Intelligenza artificiale e disabilità
Mettiamo la computer vision o visione artificiale: si tratta di un campo dove si studiano algoritmi e tecniche in grado di permettere ai computer di riprodurre funzioni e processi dell’apparato visivo umano. Si tratta di un campo di studi interdisciplinare che si occupa di capire come i computer possano riprodurre processi e funzioni dell’apparato visivo umano. Non solo, quindi, acquisire le immagini statiche o in movimento (anche oltre lo spettro della luce naturale), identificarle, riconoscerle ed estrarne le informazioni utili per prendere decisioni. L’elaborazione digitale delle immagini (digital image processing) è infatti solo una parte della computer vision. Una parte che rientra, precisamente, nella early vision, l’elaborazione “a basso livello di astrazione” su cui, dagli anni Sessanta in poi, sono stati fatti numerosi passi avanti.

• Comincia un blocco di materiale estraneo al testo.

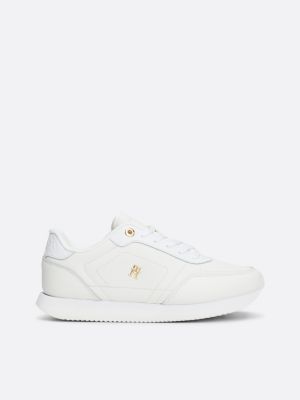 white essential runner trainers for women tommy hilfiger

La sfida più ambiziosa della computer vision
Oggi si punta alla visione high level, “ad alto livello di astrazione e comprensione”. In pratica, dall’immagine in 2D si riesce a elaborare, ricostruire e analizzare l’intero contesto in 3D in cui l’immagine è inserita. Si punta cioè a dare un significato storico e contestuale e quindi anche simbolico dell’immagine rappresentata. Si riesce a riconoscere oggetti, persone o animali all’interno di un’immagine singola o in sequenza (video), ma soprattutto si estraggono informazioni utili per la loro elaborazione. E tutto questo a livelli sempre più alti di astrazione e comprensione. Cosa vuol dire? In altre parole, si tratta della capacità di ricostruire un contesto intorno all’immagine, dandole un vero e proprio significato.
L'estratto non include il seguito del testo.